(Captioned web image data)
━━━━

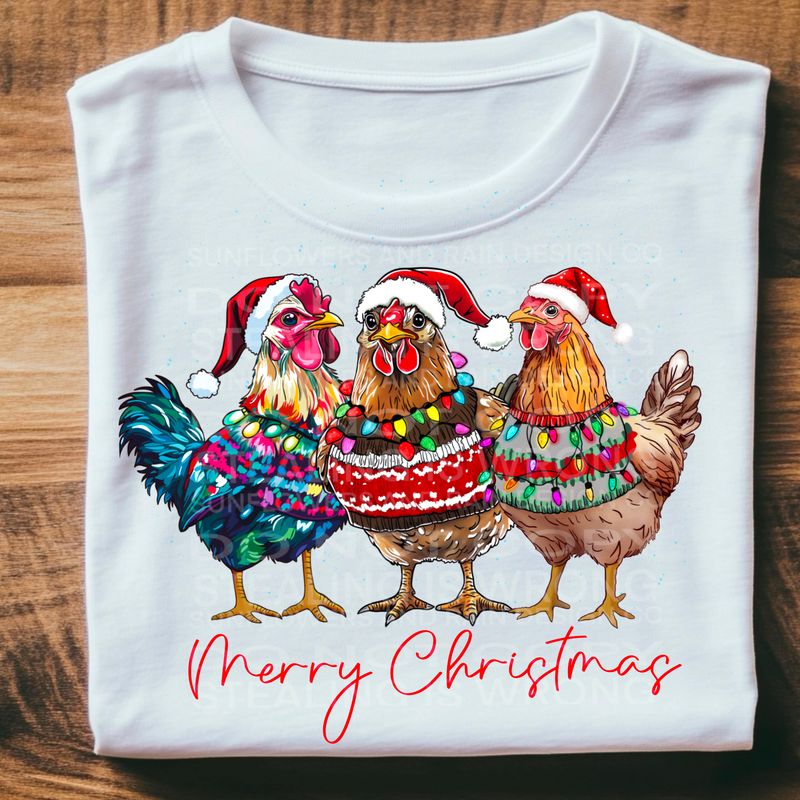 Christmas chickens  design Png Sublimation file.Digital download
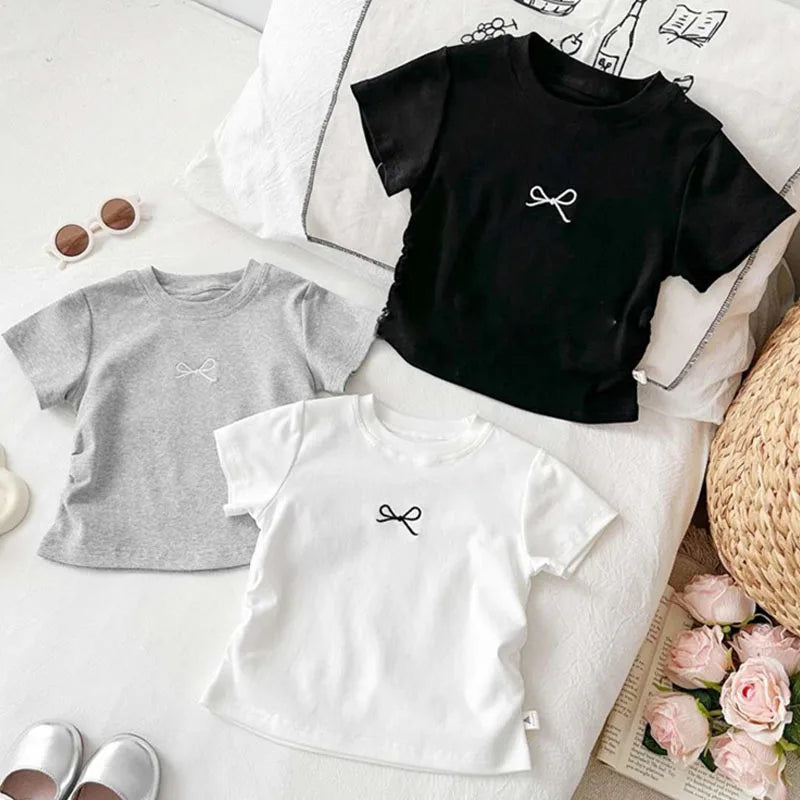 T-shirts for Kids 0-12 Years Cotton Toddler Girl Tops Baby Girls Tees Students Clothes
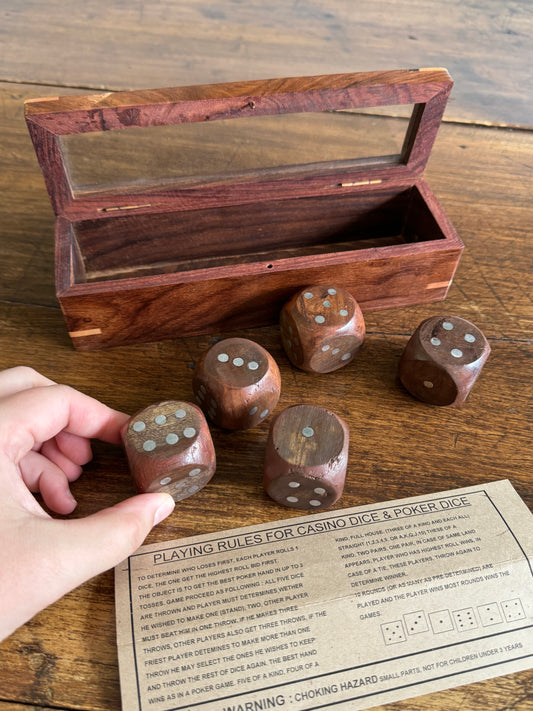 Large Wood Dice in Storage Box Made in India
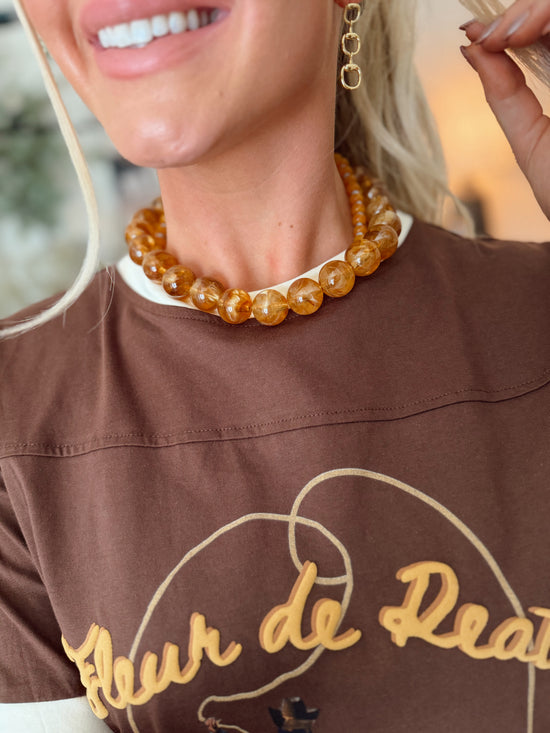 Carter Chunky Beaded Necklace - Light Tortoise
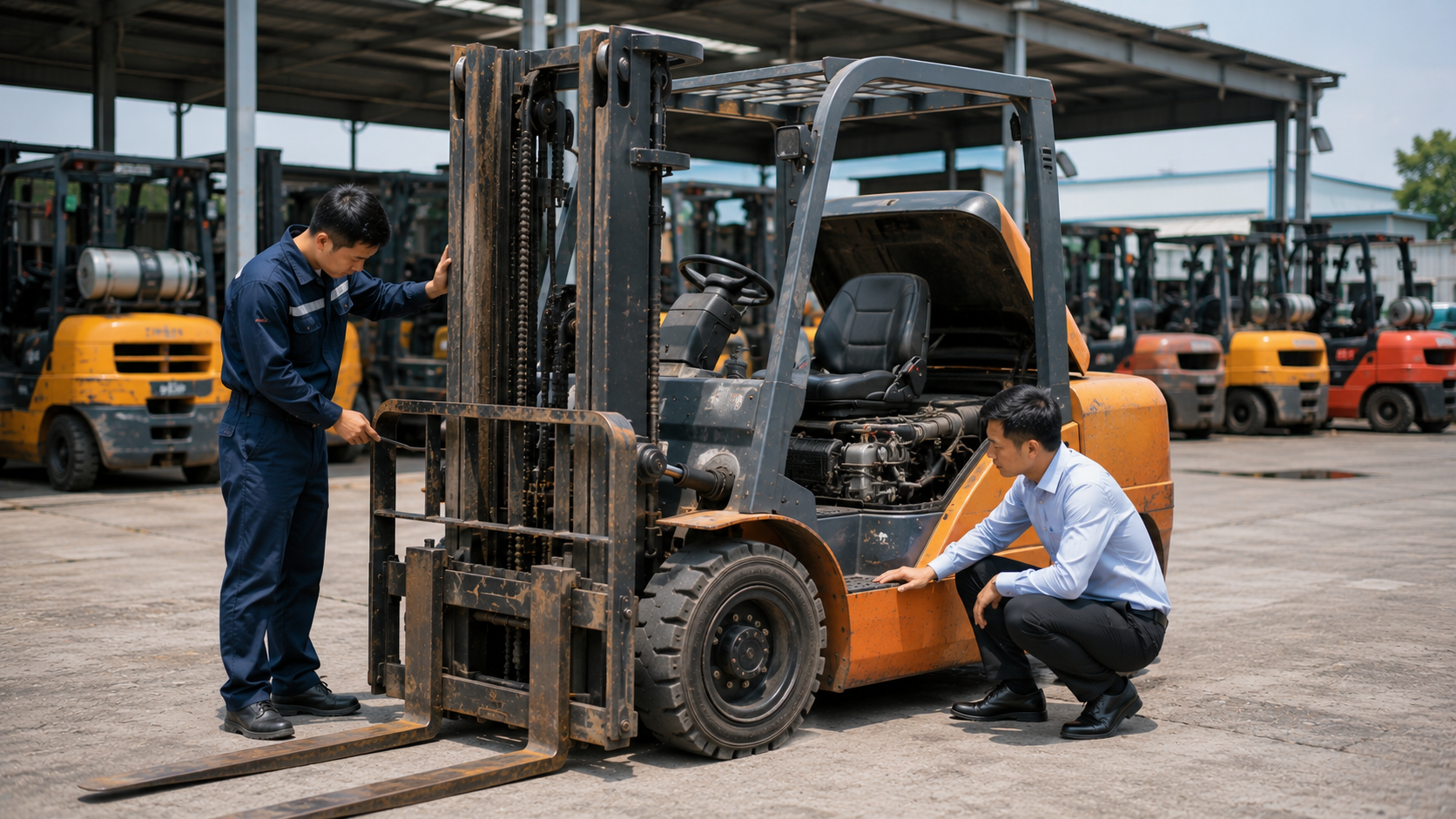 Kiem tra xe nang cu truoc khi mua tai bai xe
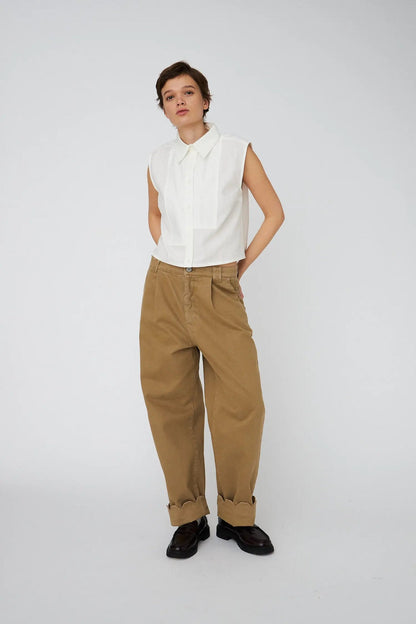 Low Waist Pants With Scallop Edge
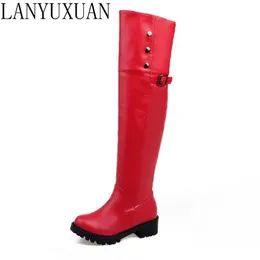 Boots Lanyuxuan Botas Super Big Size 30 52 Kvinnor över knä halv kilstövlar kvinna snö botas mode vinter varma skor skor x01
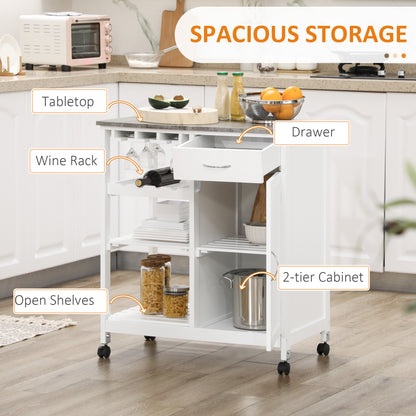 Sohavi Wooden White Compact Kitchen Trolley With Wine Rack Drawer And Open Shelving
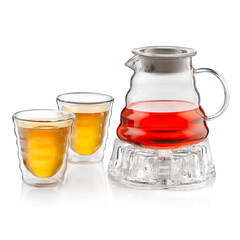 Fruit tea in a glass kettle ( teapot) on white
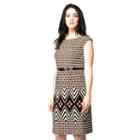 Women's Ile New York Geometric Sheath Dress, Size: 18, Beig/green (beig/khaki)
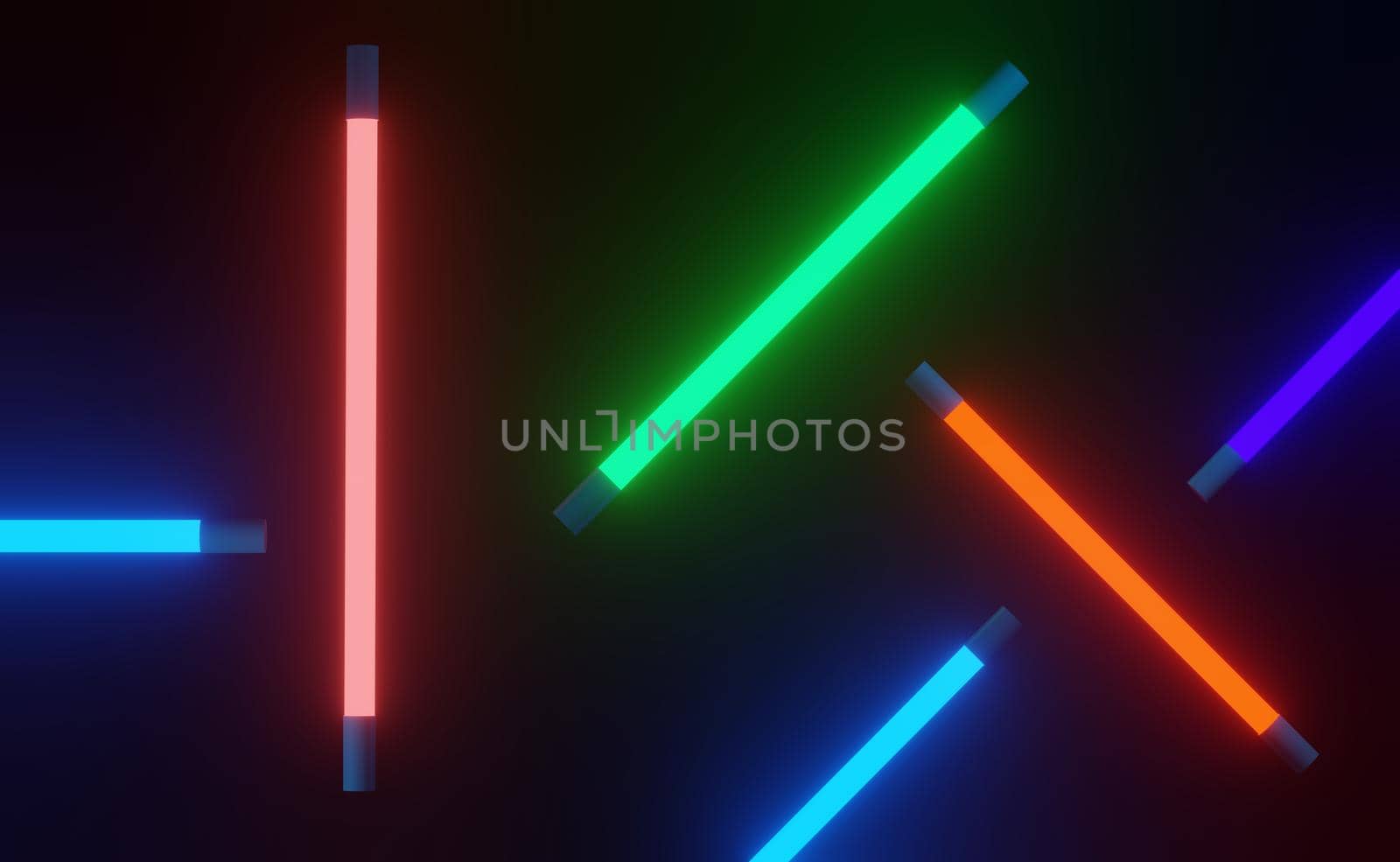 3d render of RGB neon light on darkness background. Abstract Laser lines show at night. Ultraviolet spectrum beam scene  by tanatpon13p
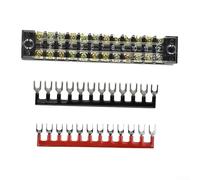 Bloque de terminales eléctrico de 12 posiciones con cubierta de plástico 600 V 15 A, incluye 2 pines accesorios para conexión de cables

━━━━

*Activity*
Leaving out every picture, transcribe exactly the lines from the line that contains "Large Wood Dice in Storage Box Made in India" through the final line of the entries above.

*Worked solution*
 Large Wood Dice in Storage Box Made in India
 Carter Chunky Beaded Necklace - Light Tortoise
 Kiem tra xe nang cu truoc khi mua tai bai xe
 Low Waist Pants With Scallop Edge
 Boots Lanyuxuan Botas Super Big Size 30 52 Kvinnor över knä halv kilstövlar kvinna snö botas mode vinter varma skor skor x01
 Sohavi Wooden White Compact Kitchen Trolley With Wine Rack Drawer And Open Shelving
 Fruit tea in a glass kettle ( teapot) on white
 Women's Ile New York Geometric Sheath Dress, Size: 18, Beig/green (beig/khaki)
 3d render of RGB neon light on darkness background. Abstract Laser lines show at night. Ultraviolet spectrum beam scene  by tanatpon13p
 Bloque de terminales eléctrico de 12 posiciones con cubierta de plástico 600 V 15 A, incluye 2 pines accesorios para conexión de cables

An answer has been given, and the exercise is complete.